Nurses may be wondering why I’m discussing a book about doctors instead of nurses, or health care in general, but Starr’s book is important because of its focus on physicians. First, though, a confession: I was assigned this book in a college sociology class and never read it. It’s academic and highly detailed, and as a healthy 21-year-old who was not responsible for my own minimal health care costs, I had no context in which to place the book’s argument. Now, a nurse who’s seen patients and health care workers struggle with a system of bewildering intricacy and byzantine regulatory requirements, I want to grasp how the richest country in the world ended up with the most expensive health care on the planet that nevertheless provides worse outcomes than other countries where health care costs less.
In other news, I just finished a research trip to Portland, OR. It is truly wonderful to shadow within organizations that provide topnotch care despite the financial stress that typifies most of our health care. It’s not always easy for them, but they do it, and that does give me hope.
Hugs to all,
Theresa
I've read that antipathy toward socialized medicine began with public response to establishment of the Freedmen's Bureau after the Civil War. It was an easier sell to warn agains the evils of socialism than to advocate not helping destitute Black people. Atul Gawande wrote in a New Yorker article some years ago back when Obamacare was under consideration that when he asked his high school classmates in Athens, Ohio how they felt about universal access to healthcare,
they responded that they supported care for "deserving poor" but not for "undeserving poor" - and he posited that "undeserving poor" meant people of color. I believe racism persists as our national birth defect.

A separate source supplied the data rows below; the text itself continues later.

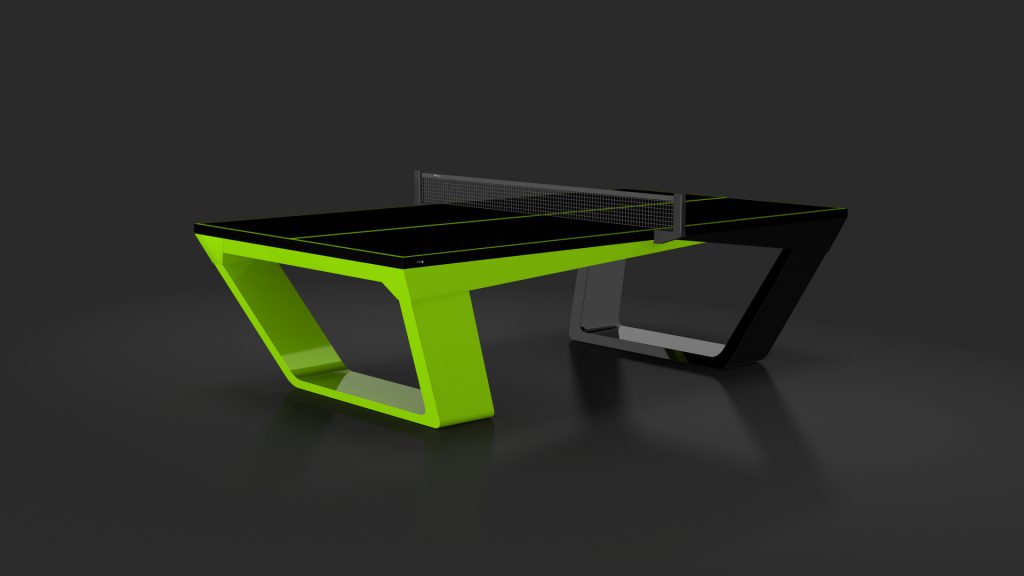 Introducing the Avettore Ping Pong Table, a modern masterpiece with angled legs. One side is bright green and the other black, set on a dark background. This sleek table features a minimalistic net and vibrant yellow boundary lines.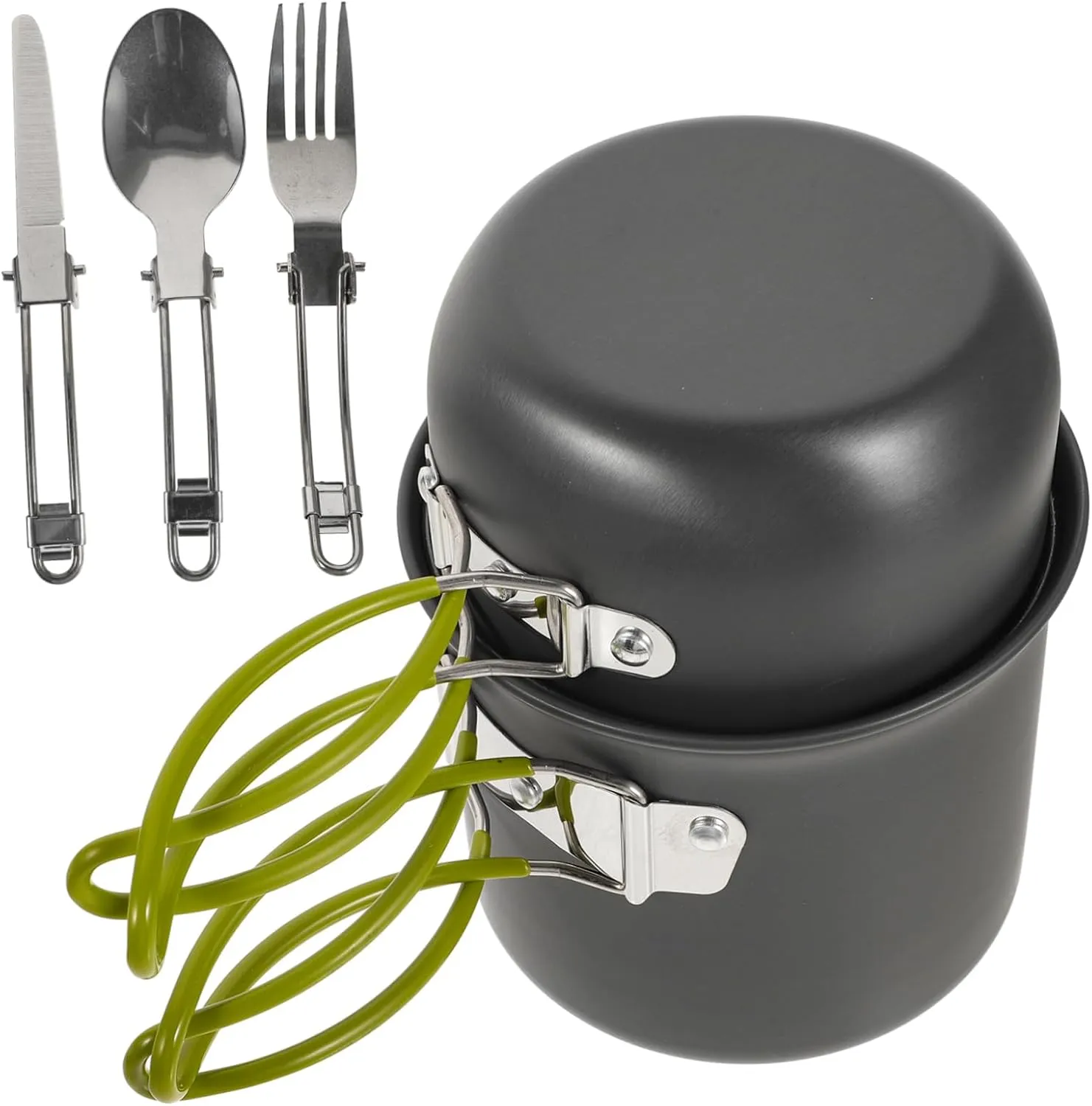 HANABASS Mini Camping Pot Set 1-2 Person Portable Cooking Pot Camping Pans Cooking Gear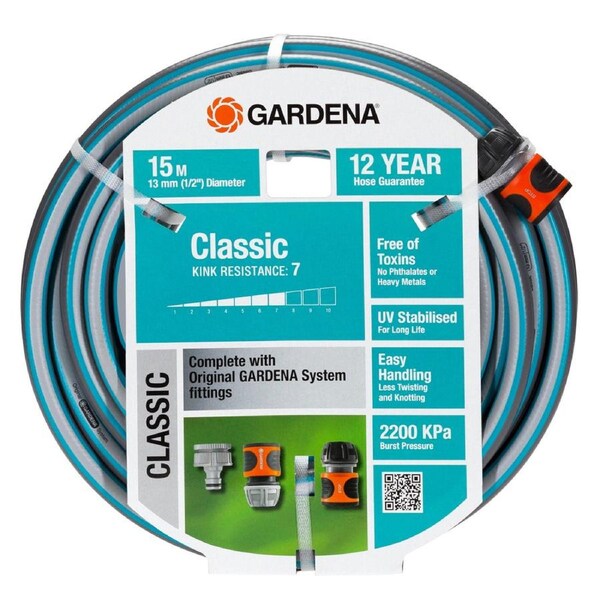 Gardena 13mmx15m Classic Garden Water Hose Home/Garden Watering Pipe Fitted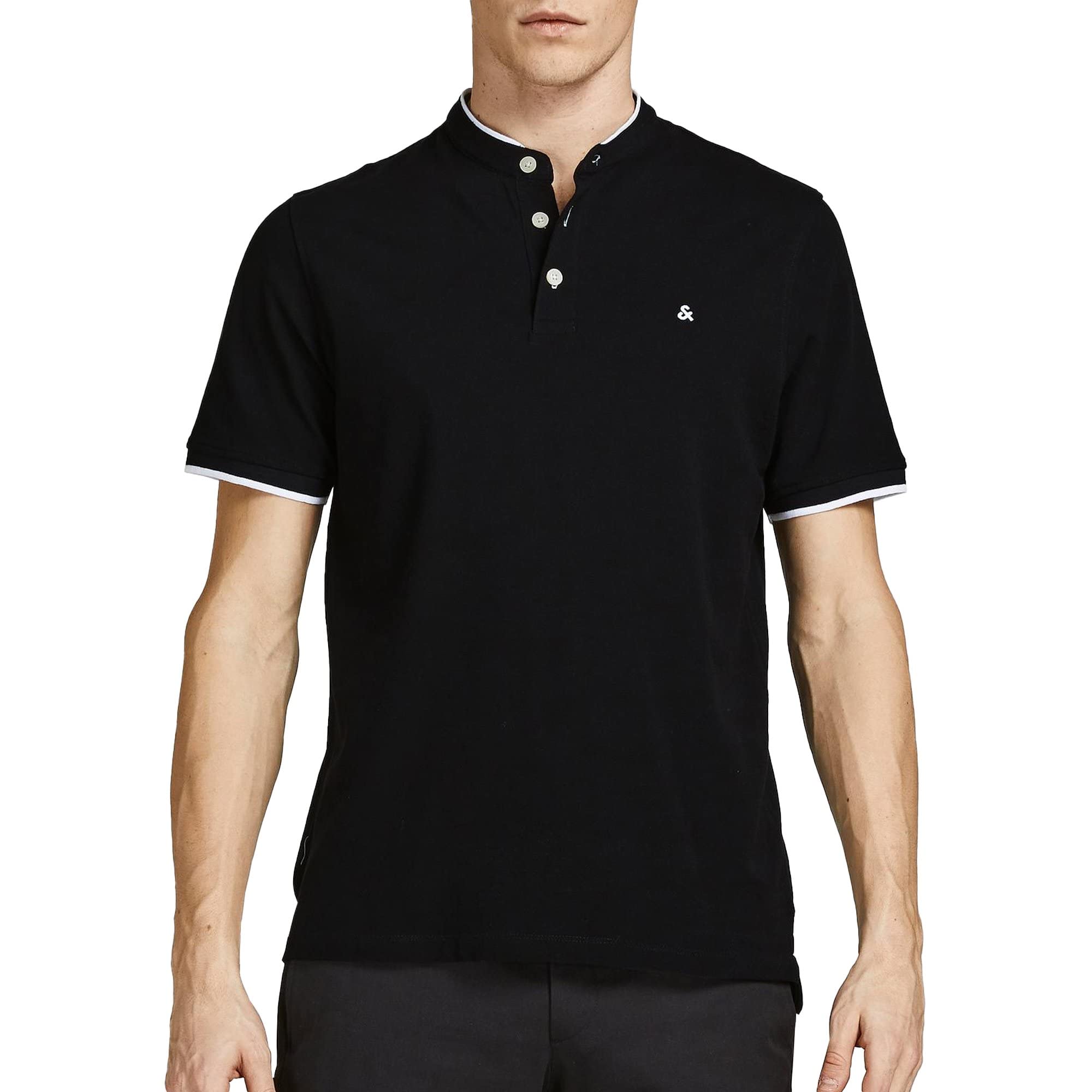 JACK & JONES Men's Jjepaulos Mao Polo Ss Noos Polo Shirt, Black, M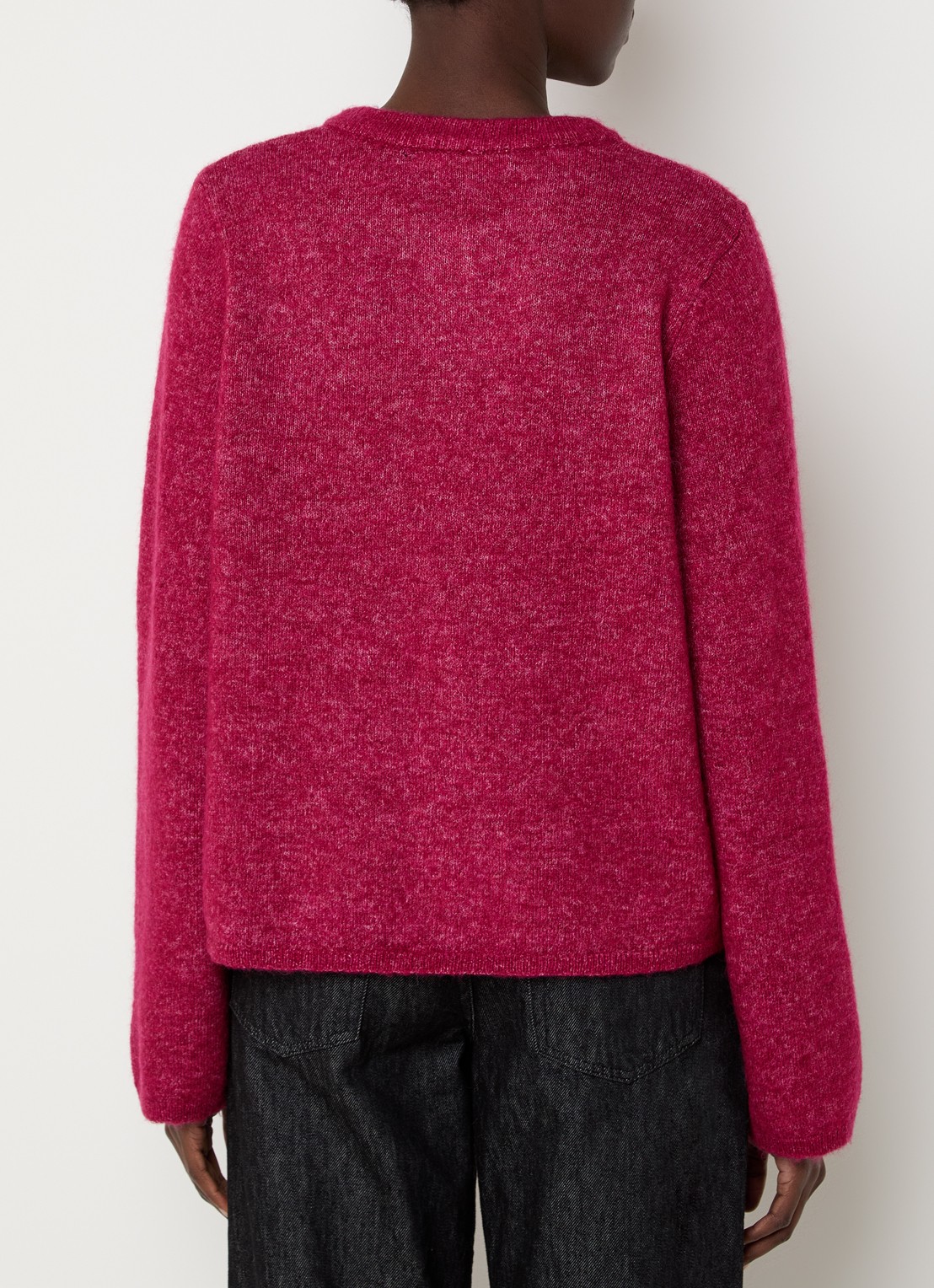 Selected Lulu grofgebreid vest in alpaca wolblend - achterkant cranberryrood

Thank you again for an insightful column. You are right, basic undergraduate education for nursing should include a course in health care economics and how health care is paid for. I never considered reimbursement issues until I became a discharge planning nurse and later a home care administrator. Even my Masters degree program did not include this type of course. Nurses need this knowledge to advocate for their patients. More nurses need to become politically involved and work for universal coverage. As far as doctors are concerned, I am hopeful. From the younger doctors I have encountered, including my son, I think that this new generation is interested in health care reform and ensuring that all receive needed health care. They are tired of the paperwork and fragmented, convoluted reimbursement system that they are forced to work with. I look forward to your next book. Enjoy the summer!